So the race was real, and it mattered a lot, but it was moving in slow motion, and it seemed to me like it would probably all just work out. Humanity was up against a lot of big problems, from climate change to nuclear proliferation to pandemics. This was just one more. We needed to work on all of them, and we needed not to panic about any of them. It was covered, and there was time, or so I thought.

I didn’t think too much more about it for a long time.

2. We Are Losing

I made some good friends at that workshop in 2015, and I stayed in touch with them over the years, mostly online. Some of them were working directly on AI Safety, and a lot of them remained pretty worried about it. I continued to feel glad that they were worrying about it so I wouldn’t have to.

And then about a year and a half ago, in the spring of 2022, there was a flurry of online activity that felt really different to me. One of my friends, Duncan Sabien, made a general announcement predicting that all life as we know it will be very different within 5-10 years. Even if we didn’t have superintelligence yet, AI would just make things so weird and strange that our careers and families and social structures will shift a lot.

Was Duncan right, I wondered?

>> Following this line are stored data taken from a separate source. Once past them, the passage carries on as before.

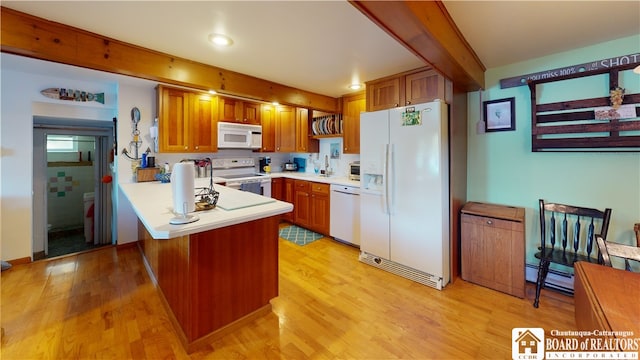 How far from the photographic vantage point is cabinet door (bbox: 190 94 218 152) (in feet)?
11.6

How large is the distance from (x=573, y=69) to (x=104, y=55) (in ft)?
13.2

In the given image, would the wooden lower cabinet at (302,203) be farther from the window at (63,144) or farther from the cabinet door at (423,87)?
the window at (63,144)

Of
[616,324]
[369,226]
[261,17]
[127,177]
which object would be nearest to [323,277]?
[369,226]

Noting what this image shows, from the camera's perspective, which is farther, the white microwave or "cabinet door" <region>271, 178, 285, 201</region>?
"cabinet door" <region>271, 178, 285, 201</region>

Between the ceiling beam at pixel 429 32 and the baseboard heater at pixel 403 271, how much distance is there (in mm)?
1955

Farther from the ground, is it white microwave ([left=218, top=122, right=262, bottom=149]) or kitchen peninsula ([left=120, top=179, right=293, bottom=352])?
white microwave ([left=218, top=122, right=262, bottom=149])

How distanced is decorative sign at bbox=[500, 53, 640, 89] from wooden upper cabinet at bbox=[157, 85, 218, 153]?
3.67m

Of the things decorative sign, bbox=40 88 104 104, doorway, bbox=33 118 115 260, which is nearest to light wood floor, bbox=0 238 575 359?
doorway, bbox=33 118 115 260

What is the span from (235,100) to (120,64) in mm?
1886

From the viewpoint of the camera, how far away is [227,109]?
153 inches

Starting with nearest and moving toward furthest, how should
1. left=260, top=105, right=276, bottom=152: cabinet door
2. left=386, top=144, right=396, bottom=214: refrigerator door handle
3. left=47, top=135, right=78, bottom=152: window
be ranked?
left=386, top=144, right=396, bottom=214: refrigerator door handle, left=47, top=135, right=78, bottom=152: window, left=260, top=105, right=276, bottom=152: cabinet door

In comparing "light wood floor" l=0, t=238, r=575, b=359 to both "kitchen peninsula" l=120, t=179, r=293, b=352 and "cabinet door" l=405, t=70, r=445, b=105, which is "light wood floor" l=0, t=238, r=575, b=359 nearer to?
"kitchen peninsula" l=120, t=179, r=293, b=352

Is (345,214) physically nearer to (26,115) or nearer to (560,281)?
(560,281)

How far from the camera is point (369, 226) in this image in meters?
3.05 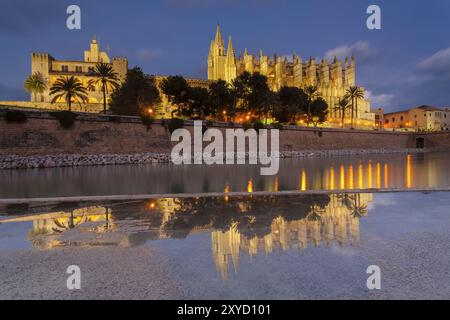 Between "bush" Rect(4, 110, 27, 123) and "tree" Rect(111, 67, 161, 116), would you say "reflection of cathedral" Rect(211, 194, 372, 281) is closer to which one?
"bush" Rect(4, 110, 27, 123)

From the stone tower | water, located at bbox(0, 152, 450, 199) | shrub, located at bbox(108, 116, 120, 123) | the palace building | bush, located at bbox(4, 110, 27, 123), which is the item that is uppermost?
the stone tower

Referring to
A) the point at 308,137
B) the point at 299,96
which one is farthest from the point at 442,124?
the point at 308,137

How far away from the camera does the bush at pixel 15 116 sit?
3131 centimetres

I started looking around to see what was going on, and indeed, there had been several surprising-to-me advances in AI while I hadn’t been paying attention. I had vaguely noticed that AI had surpassed humans in chess and go, but I had missed the news about AlphaFold 2 and GPT-3. It was hard to tell whether the advances would keep coming or if there was just going to be a flurry of activity followed by a long lull, but these developments were noteworthy.

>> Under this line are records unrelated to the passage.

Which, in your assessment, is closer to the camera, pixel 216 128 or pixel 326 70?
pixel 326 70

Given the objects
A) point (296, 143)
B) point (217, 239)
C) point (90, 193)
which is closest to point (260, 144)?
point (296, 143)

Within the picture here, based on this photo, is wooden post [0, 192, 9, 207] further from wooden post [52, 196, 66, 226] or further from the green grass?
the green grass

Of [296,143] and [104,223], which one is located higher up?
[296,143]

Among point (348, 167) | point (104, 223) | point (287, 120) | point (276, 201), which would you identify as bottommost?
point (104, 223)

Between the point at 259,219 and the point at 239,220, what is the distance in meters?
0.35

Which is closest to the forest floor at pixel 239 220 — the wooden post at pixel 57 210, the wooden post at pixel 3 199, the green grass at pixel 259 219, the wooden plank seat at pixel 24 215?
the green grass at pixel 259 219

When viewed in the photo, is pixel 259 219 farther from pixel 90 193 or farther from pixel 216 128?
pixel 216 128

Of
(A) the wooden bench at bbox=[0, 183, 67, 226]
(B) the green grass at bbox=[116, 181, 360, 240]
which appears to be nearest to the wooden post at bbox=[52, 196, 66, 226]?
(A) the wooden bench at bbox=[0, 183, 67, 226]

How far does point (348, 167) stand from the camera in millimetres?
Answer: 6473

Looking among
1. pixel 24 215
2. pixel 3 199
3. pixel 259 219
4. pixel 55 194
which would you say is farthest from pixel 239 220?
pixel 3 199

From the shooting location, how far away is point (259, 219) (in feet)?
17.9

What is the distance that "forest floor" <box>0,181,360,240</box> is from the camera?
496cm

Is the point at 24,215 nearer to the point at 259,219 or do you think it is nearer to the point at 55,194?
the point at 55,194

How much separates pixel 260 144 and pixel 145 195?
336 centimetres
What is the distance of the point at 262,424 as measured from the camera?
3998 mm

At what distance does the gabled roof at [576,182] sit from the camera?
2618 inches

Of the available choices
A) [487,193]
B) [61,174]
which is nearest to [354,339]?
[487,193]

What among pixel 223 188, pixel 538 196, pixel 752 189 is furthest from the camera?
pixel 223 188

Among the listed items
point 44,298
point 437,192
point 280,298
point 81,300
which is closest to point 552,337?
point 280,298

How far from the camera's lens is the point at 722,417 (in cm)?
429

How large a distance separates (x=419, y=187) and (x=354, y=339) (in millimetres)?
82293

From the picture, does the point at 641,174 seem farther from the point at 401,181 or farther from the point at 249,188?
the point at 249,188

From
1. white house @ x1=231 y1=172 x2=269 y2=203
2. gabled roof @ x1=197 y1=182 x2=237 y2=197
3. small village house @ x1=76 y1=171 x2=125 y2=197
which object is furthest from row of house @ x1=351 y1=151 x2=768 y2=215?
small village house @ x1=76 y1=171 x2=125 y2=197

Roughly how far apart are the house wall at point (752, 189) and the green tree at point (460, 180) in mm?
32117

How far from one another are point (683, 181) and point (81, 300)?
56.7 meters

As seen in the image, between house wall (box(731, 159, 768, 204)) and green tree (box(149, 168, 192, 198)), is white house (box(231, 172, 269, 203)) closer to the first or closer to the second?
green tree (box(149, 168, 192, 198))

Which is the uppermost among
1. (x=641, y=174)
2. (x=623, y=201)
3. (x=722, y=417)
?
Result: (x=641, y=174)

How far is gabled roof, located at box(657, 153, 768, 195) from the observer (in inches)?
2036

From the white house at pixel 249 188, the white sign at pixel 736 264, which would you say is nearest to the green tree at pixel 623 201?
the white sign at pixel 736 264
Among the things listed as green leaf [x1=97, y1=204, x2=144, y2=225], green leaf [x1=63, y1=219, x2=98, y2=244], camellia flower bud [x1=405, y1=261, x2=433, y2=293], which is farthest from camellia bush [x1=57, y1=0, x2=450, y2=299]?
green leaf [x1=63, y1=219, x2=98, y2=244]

And around the same time, one of the leading figures in the AI Safety world, Eliezer Yudkowsky, made a pair of posts that were pretty alarming. On April Fools’ Day he posted something I initially thought was a joke, saying that MIRI’s new strategy was called Death with Dignity, because it appeared that it was too late to solve alignment; Capabilities was going to win the race. And then in June he posted the List of Lethalities, staking out 43 specific positions that, together, explain how he had arrived at the grim conclusion that Death with Dignity was the best remaining orientation to our situation. For me, this was an update that Safety was not meaningfully advancing at all.

These three posts together got my attention. I decided to take a fresh look at the problem. My whole stance, after all, had been something like “good thing the Safety researchers are on the case.” But now I was hearing from one of the major research institutes in the Safety space that while they had not given up, they did fully expect to lose. Capabilities was going to cross the finish line and create superintelligence before we were ready. Humanity was going to lose control of the situation, and the most likely outcome was that we would all die.

I looked into it, and found that my assessment from 2015 was indeed badly out of date. It no longer looked like we had decades of time to work, and it no longer looked like we’d probably figure out Safety in time. We were losing the race.

Even worse, the people working on Capabilities did not seem particularly interested in slowing down or stopping. Increasing Capabilities is incredibly exciting and wildly profitable work, and while many Capabilities researchers agree that superintelligent AI is dangerous and even potentially fatal to humanity, they mostly want to continue to forge ahead.5

My main response to this was, “Oh. Shit. That’s incredibly bad news.”

3. Adjustment

In June of 2022 I sat down again to think about what I should do about this situation.

Obviously I wanted to help, but I couldn’t immediately think of a way to do so. How do you help win a race when you’re not a runner? Working directly on AI safety is pretty hard, as it’s a deeply technical field. I do have a master’s degree in computer science and a bachelor’s in math, but it would take me several years to come up to speed and be able to contribute. Even if I spent those years, I wasn’t sure my brain still had enough plasticity to do novel work.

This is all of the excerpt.